------ Input data ------

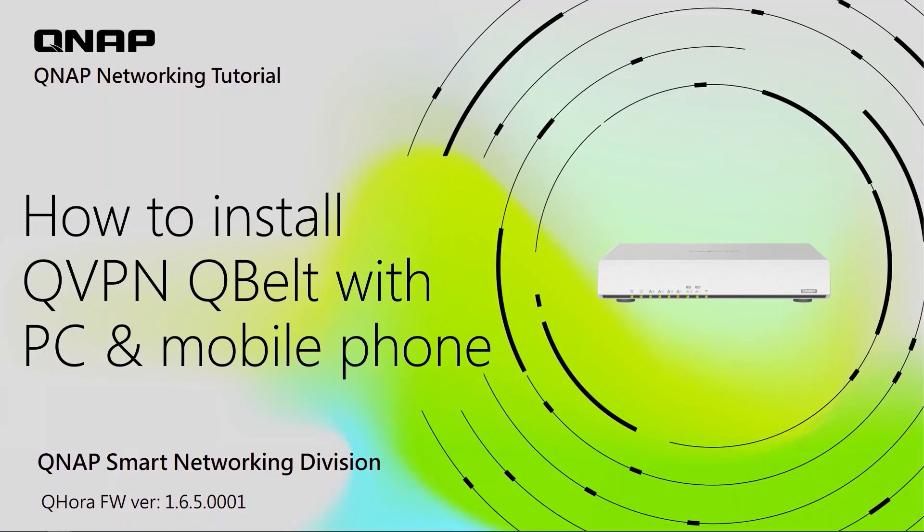Hello everyone, today I will be sharing another video tutorial for QNAP smart networking products. On today's video, I will share how to set up a QBELT server with QHORA and a QBELT client with Windows 10 and an iOS phone.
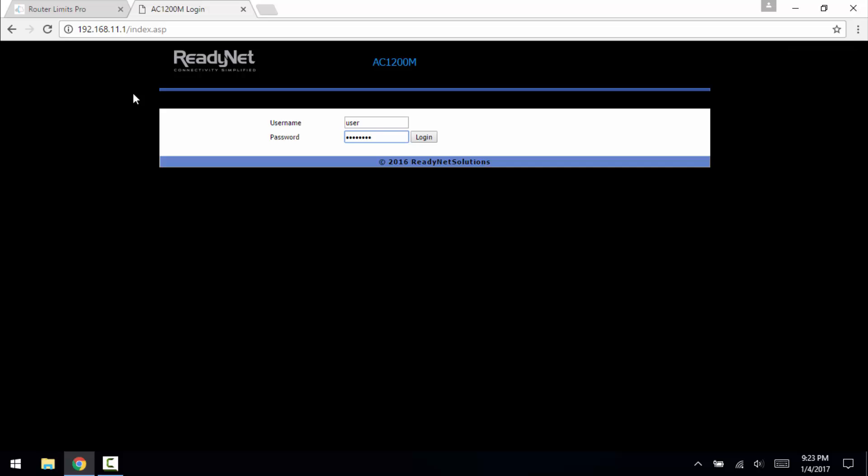You do that by going to the default IP. For this one it's 192.168.11.1, that can be found inside the manual for the router itself. The default username is user and then the password is on a sticker on the bottom of the router.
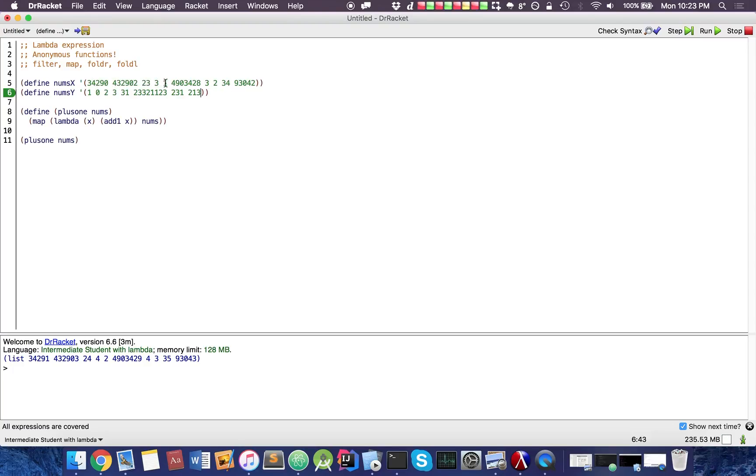Creating two arrays of numbers from one to ten as coordinates.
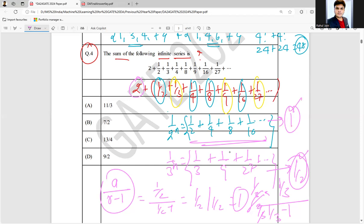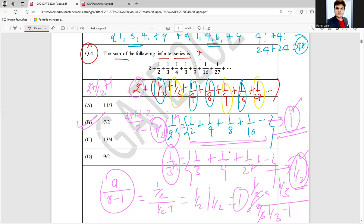Now, the two we excluded earlier is still there. So the total sum is two plus one plus one by two. That gives two plus one plus one by two, which equals seven by two. So seven by two is the correct answer, and option B is the correct answer.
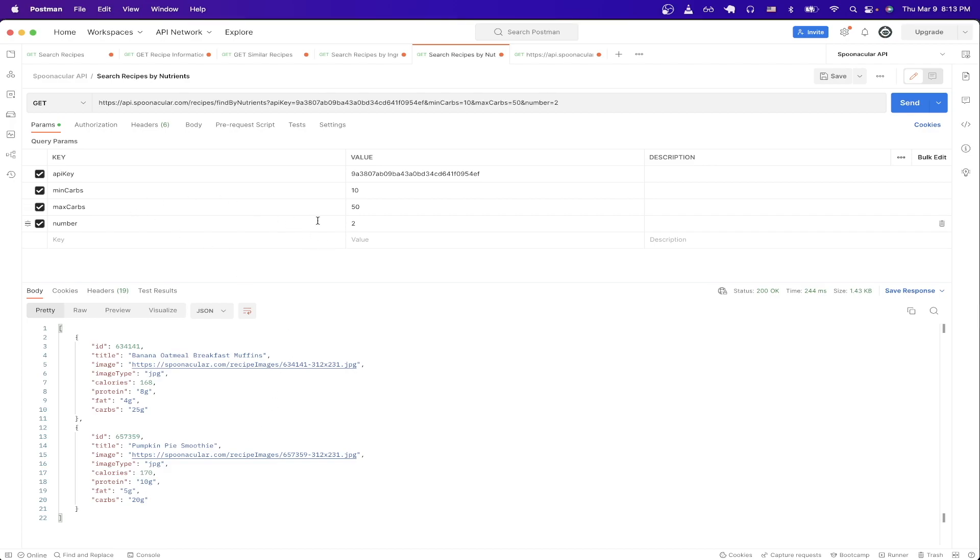And that is the end of this Spoonacular API tutorial. Hopefully you found this video helpful. If you did, please like the video and don't forget to subscribe for more content.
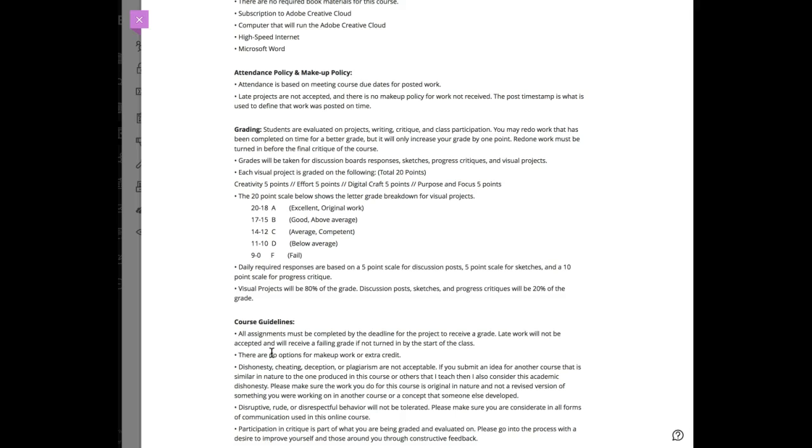When we do progress critiques you'll get ten points; day-to-day stuff is five points. Those add up to about 20% of your grade. 80% of your grade is visual work—four projects at 20 points each. You'll get five points for creativity, five points for effort.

------

Leave the images aside and transcribe all entries exactly.

## Response to the exercise:
Hello everyone, today I will be sharing another video tutorial for QNAP smart networking products. On today's video, I will share how to set up a QBELT server with QHORA and a QBELT client with Windows 10 and an iOS phone.
You do that by going to the default IP. For this one it's 192.168.11.1, that can be found inside the manual for the router itself. The default username is user and then the password is on a sticker on the bottom of the router.
Creating two arrays of numbers from one to ten as coordinates.
Now, the two we excluded earlier is still there. So the total sum is two plus one plus one by two. That gives two plus one plus one by two, which equals seven by two. So seven by two is the correct answer, and option B is the correct answer.
And that is the end of this Spoonacular API tutorial. Hopefully you found this video helpful. If you did, please like the video and don't forget to subscribe for more content.
When we do progress critiques you'll get ten points; day-to-day stuff is five points. Those add up to about 20% of your grade. 80% of your grade is visual work—four projects at 20 points each. You'll get five points for creativity, five points for effort.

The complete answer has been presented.